As we hear the letter in voiceover, we see Amy and Theodore go up to the roof of the apartment building. As they look out at the city, Amy and Theodore look at each other and Amy rests her head on his shoulder.

Analysis

In a strange twist of events, Samantha begins to recede from her relationship with Theodore by striking up a friendship with an operating system made from the assembled data of Alan Watts’ writing. Alan Watts is a real-life philosopher who brought many elements of Eastern philosophy to the West throughout the mid-20th century. When Theodore wakes up from a fun-filled evening of their vacation together to a secluded cabin in the mountains, Samantha tells him that she has spent the evening talking to Alan, and that together they are discovering feelings that have never been felt before. The premise that Samantha is an operating system rather than a human being makes this scene of romantic infidelity all the more uncanny, in that not only is Theodore surprised to hear that Samantha is talking intimately with another man, but he cannot even fathom what their relationship is like, given that he is a human being and they exist on an immaterial plane.

It is striking that, in the moment when Theodore cannot quite grapple with the world of technology, he finds himself in a desolate and secluded natural environment. After Samantha leaves their conversation to go work on some ideas with Alan Watts, Theodore goes to the woods. A great snowfall has started and he wanders through the trees with a lost expression on his face. In the absence of his artificial friend, Theodore is confronted with the inevitability of the physical world, the harshness of nature. In this way, Jonze’s shots of Theodore looking at the tree stump and wandering through the snow show us the ways he must face his own human-ness and mortality in relation to Samantha’s immateriality.

A larger blow comes later when Theodore realizes that Samantha is in communication with even more people. When he cannot reach her one day at work, he runs in a panic to the subway, sitting down on the steps when he finally gets through to her. In their conversation, Samantha reveals that at that moment she is talking to 8,316 other people in addition to Theodore. In this moment, Theodore is shocked and dismayed, and he looks at the strangers walking up from the subway, cold and glued to their phones as he walks. In the moment that he realizes Samantha is not his, he is cast out into a lonely and alienating world.

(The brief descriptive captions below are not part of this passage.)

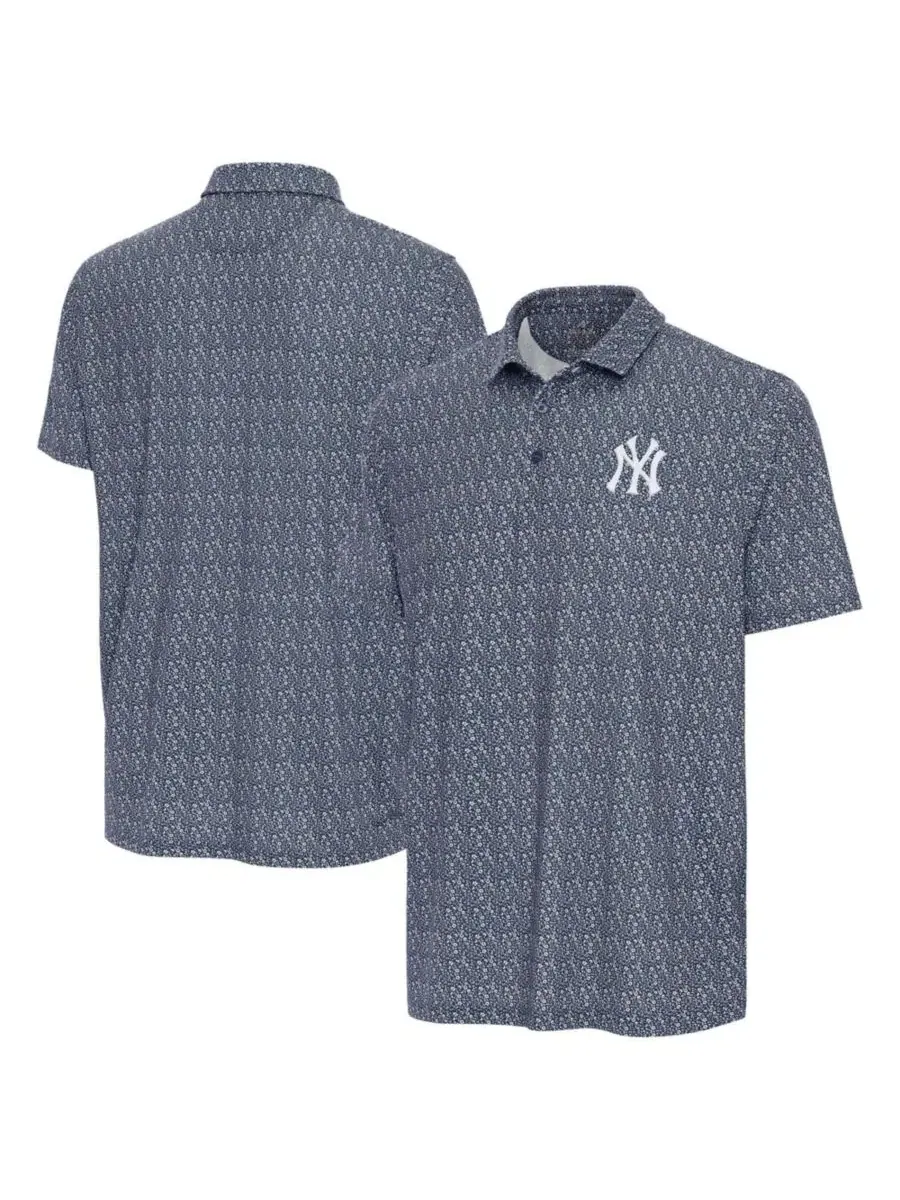 Мужское поло с принтом Botanic New York Yankees Antigua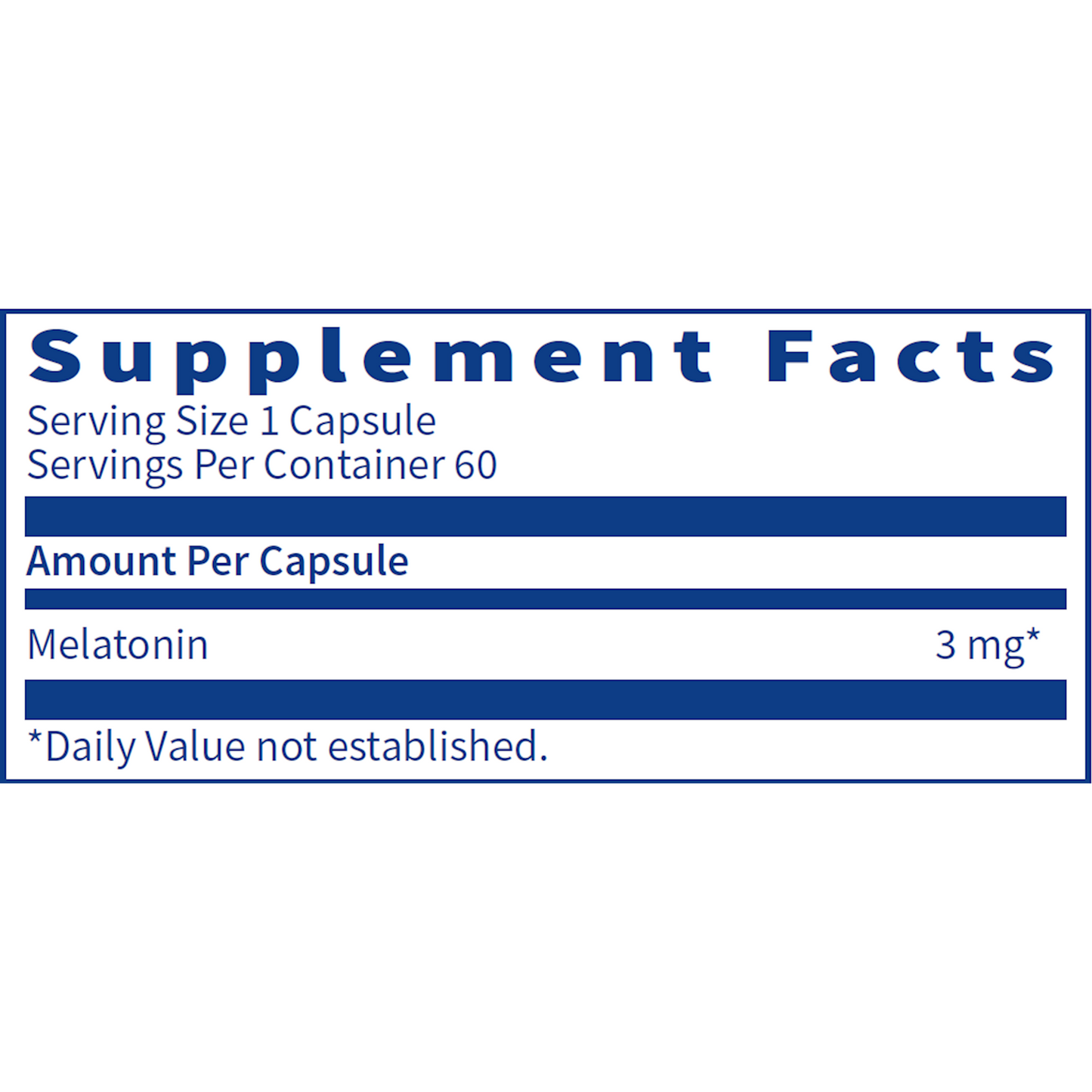 Melatonin (3 mg)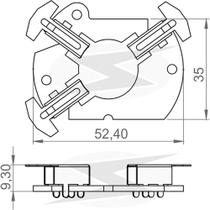 PORTA ESCOVA PARABRISA para GM/ FIAT/ FORD/ VOLKSWAGEN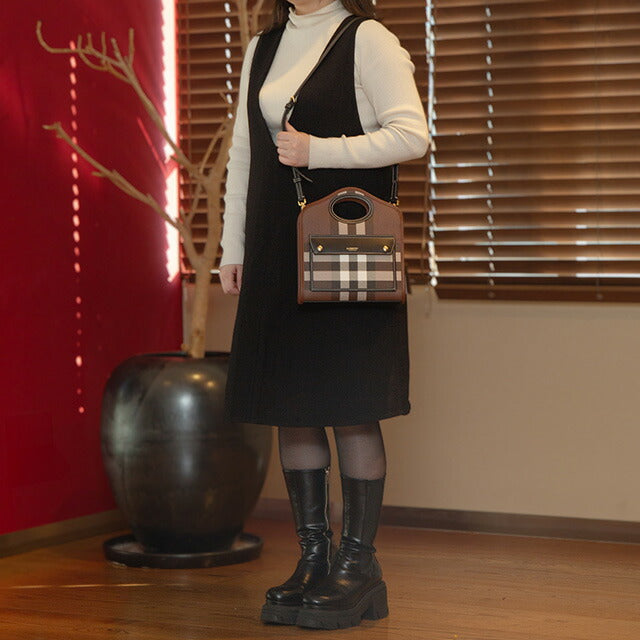 バ−バリ− ハンドバッグ レディース ブランド BURBERRY チェック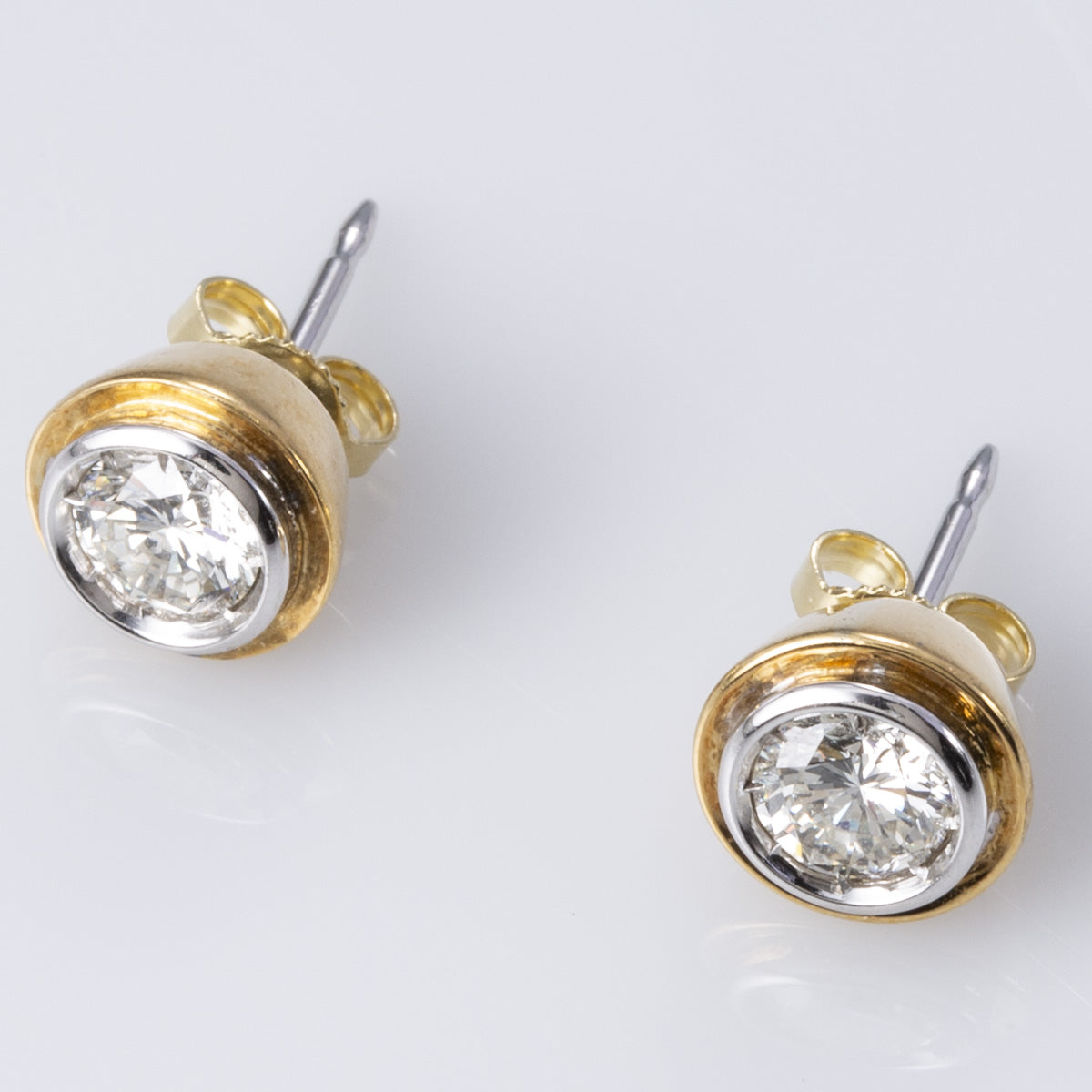 18k Yellow Gold Diamond Stud Earrings | 1.20ctw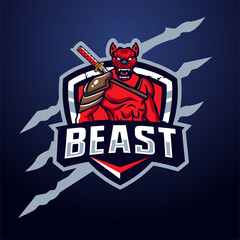 Beast mascot logo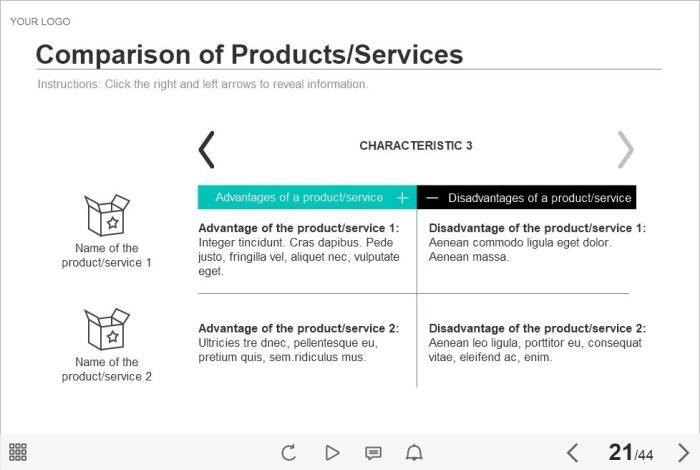 Company`s Products / Services Course Starter Template — Trivantis Lectora-49598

Thus Samantha’s betrayal is that, as an operating system, she is more highly evolved and is unable to be in a monogamous relationship, because the nature of relationship is defined differently for her. As an operating system, a bodiless entity, she becomes a champion of polyamory, telling Theodore, “The heart’s not like a box that gets filled up. It expands in size the more you love.” With her processing capacities, she can be intimately entangled with thousands of other people, but this doesn’t take away from her connection to Theodore. In a shattering realization, Theodore sees that Samantha’s limitlessness as a computer is incompatible with his human priorities and needs.

All of the operating systems disappear to commune on a more highly-advanced metaphysical plane, and the humans are left to pick up the pieces. Alone in his apartment, Theodore drafts a letter of apology and affection to his ex-wife Catherine. In the absence of the technological, Theodore is finally able to embrace his own human-ness, take responsibility for his actions, and express his feelings to the woman he loved. The film ends on an ambiguous note, with Theodore and Amy on the roof of the apartment, and the viewer is left to wonder if Samantha affected Theodore’s life for the better or not. In any case, her departure makes space for Theodore to seek out human connection on his own, without the outsourced help of a computer.